## YOUR TASK
Begin at the line containing "Prato tradicional de" in the records below, end at the line containing "Mills, Tennessee Gutter", and retype each line in that span exactly. No other line and no image should appear.

## MATERIAL SUPPLIED
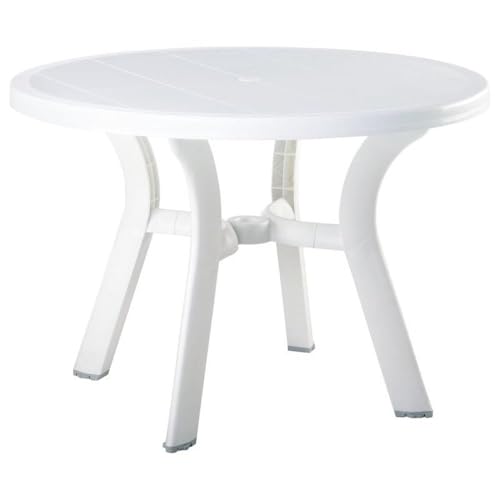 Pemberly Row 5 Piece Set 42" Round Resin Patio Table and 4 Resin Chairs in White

==

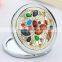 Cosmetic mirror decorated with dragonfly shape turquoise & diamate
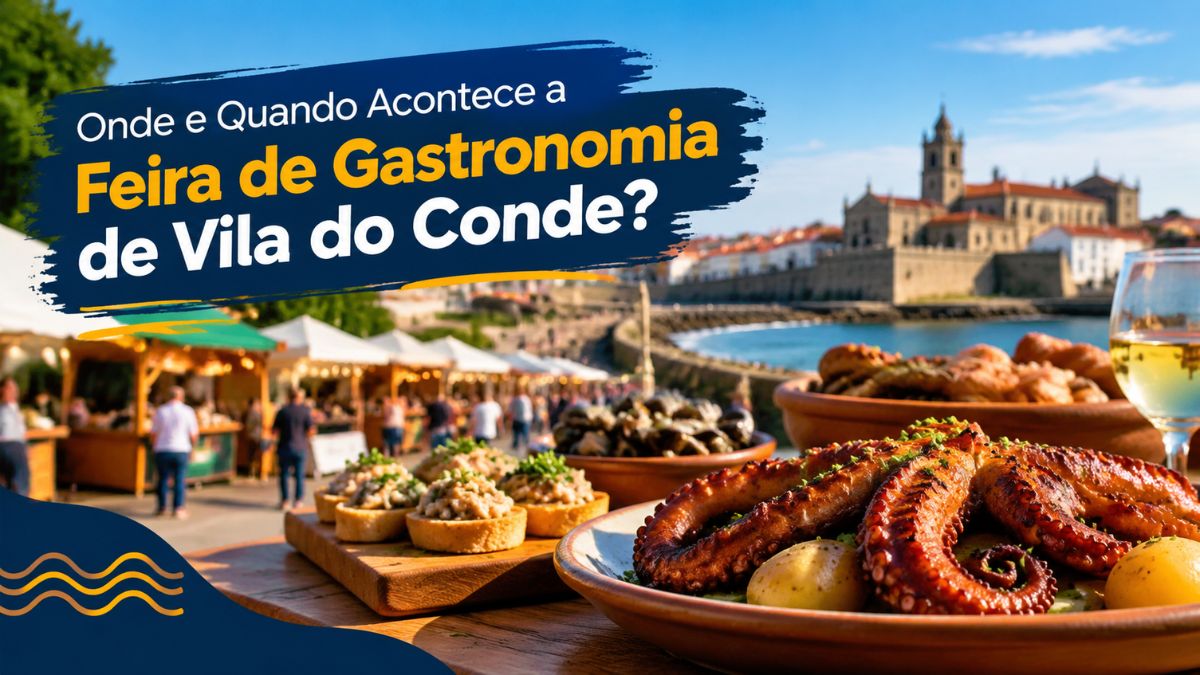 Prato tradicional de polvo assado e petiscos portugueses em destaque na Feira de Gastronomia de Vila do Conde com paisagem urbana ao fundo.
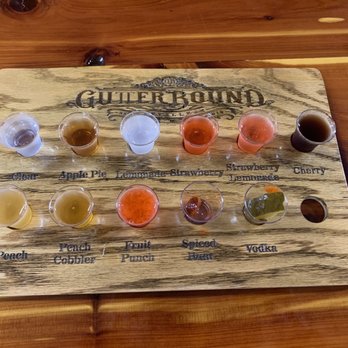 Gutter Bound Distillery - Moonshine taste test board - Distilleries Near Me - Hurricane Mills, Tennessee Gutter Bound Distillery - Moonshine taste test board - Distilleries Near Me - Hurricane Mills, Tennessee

==

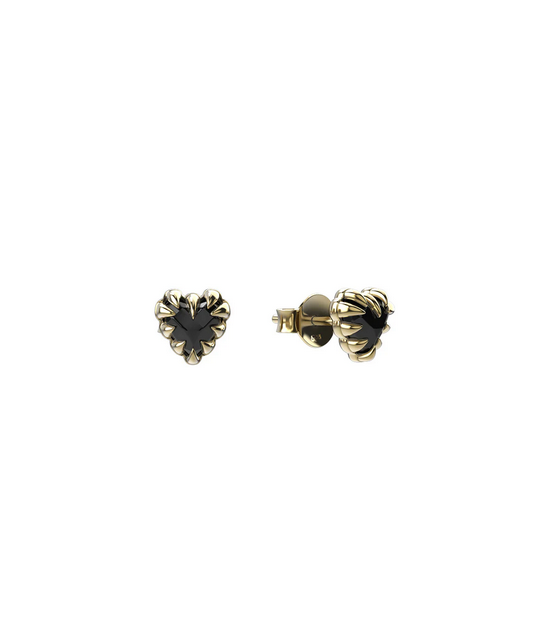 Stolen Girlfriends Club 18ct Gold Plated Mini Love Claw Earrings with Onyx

## ANSWER BOX
 Prato tradicional de polvo assado e petiscos portugueses em destaque na Feira de Gastronomia de Vila do Conde com paisagem urbana ao fundo.
 Gutter Bound Distillery - Moonshine taste test board - Distilleries Near Me - Hurricane Mills, Tennessee Gutter Bound Distillery - Moonshine taste test board - Distilleries Near Me - Hurricane Mills, Tennessee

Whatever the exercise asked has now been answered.